Security was certainly prioritized in anti-trafficking raids, such as the particularly stark raid that saw workers handcuffed and televised in Vancouver in 2006. They also continue in approaches such as Operation Northern Spotlight. Despite early critiques of such harmful efforts, the Canadian anti-trafficking gaze expanded beyond immigration and foreign policy concerns to emphasize domestic or internal trafficking in a settler colonial context.
One anti-trafficking advocate defines the shift that took place:
We started to shift our focus, certainly on international trafficking—the movies, the kidnappings, you know, that's certainly present but to a bigger degree, and a more important extent, to get across to the public that trafficking is happening in our own backyards.
As you can hear, internal trafficking is framed in reaction to stereotypical concepts of international human trafficking. From this standpoint the aim was to counteract the apathy of the criminal justice system toward indigenous women's bodies. I would argue that the criminal justice system has hardly been apathetic toward indigenous women. This is clearly demonstrated by the stark overrepresentation of indigenous women incarcerated in Canada.

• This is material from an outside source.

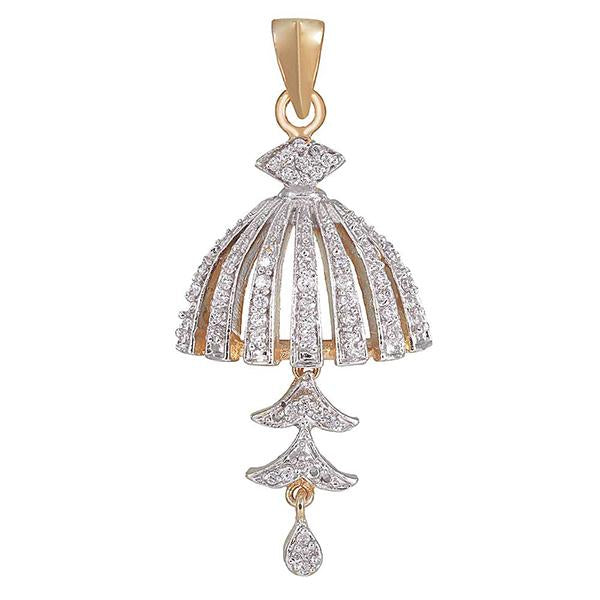 Morini AD Stone Gold Plated Pendant - 1202105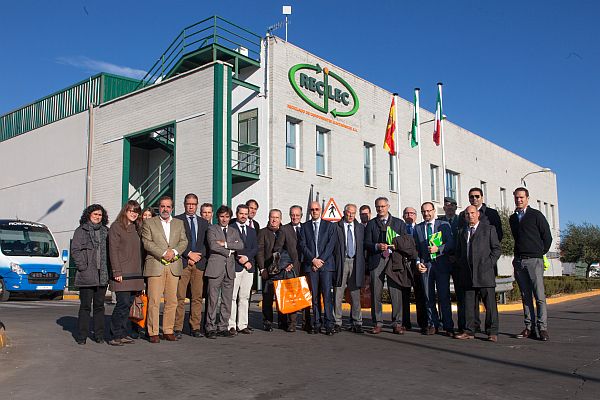 Una Comisión de Investigación del Parlamento de Italia visita RECILEC para informarse sobre el tratamiento adecuado de los RAEE y los circuitos ilegales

Nonetheless, the idea was that a trafficking lens could undermine colonial-driven images that portray indigenous women and girls as perpetrators of crime rather than as victims. Internally, the victim label associated with trafficking was bolstered as a mechanism to resolve racist and colonial constructs of indigenous women. These interpretations ignore the settler colonial forms of state control and how they are particularly evident in Canada's role in and our response to violence against indigenous women. The very means of trafficking identified in the United Nations protocol definition of human trafficking are precisely the means by which the settler colonial state was formed.
Canada, alongside other settler colonial nations, was premised on forced movement, coerced labour, fraudulent dislocations, sexualized violence, and varying forms of abuses of power and exploitation that were legislated through the Indian Act and through Canadian law. The abolition of some indigenous ceremonies, for example, was seen as necessary for the protection of native women, for the prevention of prostitution, and the preservation of white settlement.
As a front-line worker from an indigenous-led organization indicates, “indigenous women have been trafficked right from the beginning of colonization”.
While many of us involved in anti-trafficking advocacy assume ourselves to be outside the violence of colonization, often by the very virtue of addressing the legacies of colonization, by emphasizing at risk subjects as the objects of our concerns, anti-trafficking naturalizes and reinforces the very space of dispossession where individuals vulnerable to trafficking emerge.